By Ken De Laat
“Good food is very often, even most often, simple food.”- Anthony Bourdain, KItchen Confidential
Admittedly I have always been a bit of a corn connoisseur having been mentored in the pursuit of this magical maize by a father who held sweet corn…and I mean Homegrown Michigan sweet corn…akin to the Holy Grail of vegetables. Under his tutelage I learned the ins and outs of locating the creme de la creme of corn traveling the back roads in search of those enigmatic roadside stands where one can find these tantalizing treasures.
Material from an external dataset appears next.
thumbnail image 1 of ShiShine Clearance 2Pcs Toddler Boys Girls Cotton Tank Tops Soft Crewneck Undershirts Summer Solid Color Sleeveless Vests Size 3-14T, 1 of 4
In the off-season (October until late July) most grocery stores carry some version of fresh corn grown in one of those states where their concept of layering amounts to a light jacket on ‘chilly’ days. Of course it is inevitably disappointing. I’ve heard people say “We got some Florida corn at the store and you know, it was not so bad.”
Not So Bad?
Sweet corn is not supposed to be “Not So Bad” Not so bad is what you say after a root canal proved to be a degree or two less painful than expected. Sweet corn is supposed to be like a slice of heaven on a cob.
But I digress.
Now it is late July and while bemoaning the rapid retreat of summer I was ready to get my hands on a couple of cobs. And not just any ordinary kernels. We’re talking about the long awaited arrival of the ears of exquisite epicurean experience available at the Kokx farm.
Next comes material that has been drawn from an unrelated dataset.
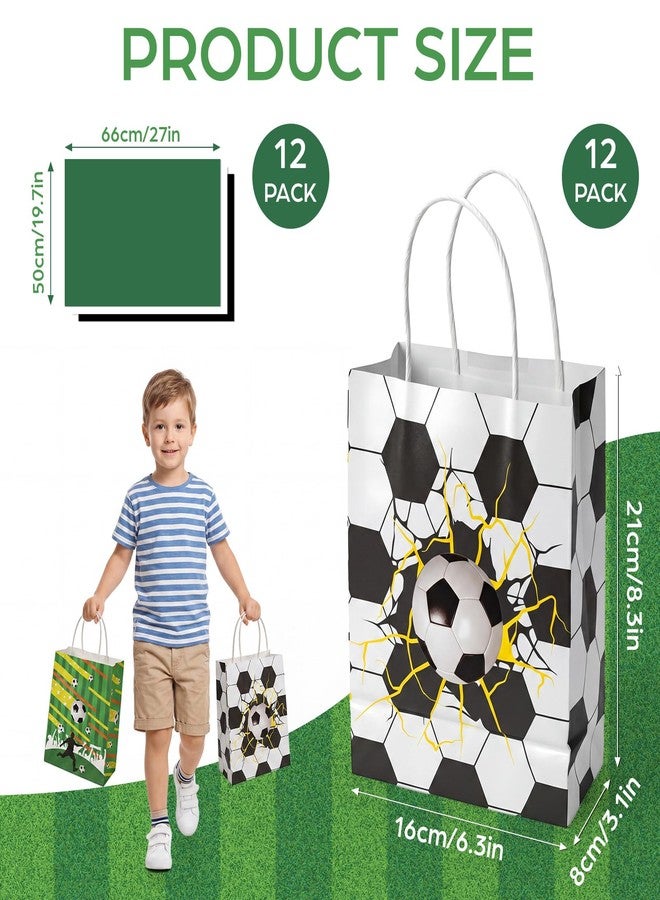 HORLIMER 12 Pack Soccer Goodie Bags, 8.3’’x6.3’’x3.1’’Soccer Snack Bags with Handles and 12 Tissue Paper, Soccer Gift Bags for Football Theme Party, Kids Birthdays - Image 2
This Maple Island Rd destination has long been my go-to site for heralding the beginning of the season of sweet corn. When it was announced that Thursday would see the Grand Opening I reset my schedule accordingly. I knew from past experience there would likely be an ample supply but admittedly there was that touch of angst that perhaps this year an early morning slam would deplete the first harvest. I mean, when it comes to securing the ultimate in sweet corn can past experience really be trusted?
Rumor had it they would begin welcoming corn seekers at 9am. It so happened that Lifetime Spousal Companion LIl was leaving that day for a bit of a reune with some long time friends in another city. We breakfasted at Hit The Road Joe, said our goodbyes and she departed for her get together. while I shifted my focus on one destination.
Arriving at 11ish there were about 8-10 cars with a few folks queueing up. I immediately scored a dozen while giving a quick hello to Farm Matriarch Joan Kokx and cruising home with that kind of feeling you get when all seems right with the Universe. 6 went to daughter Biz who inherited the family passion for this palate pleasing produce and 6 came home with me.
On Thursday my solitary supper turned out to be three ears drenched with butter (never margarine…ever.) and salted sparingly, cukes and red peppers tossed with a little Italian dressing a slice of Lil's homemade sourdough bread and half of a wonderful Indiana melon procured from Nelson's Market.
Friday was the same.
Saturday morning found me back at the farm for another dozen.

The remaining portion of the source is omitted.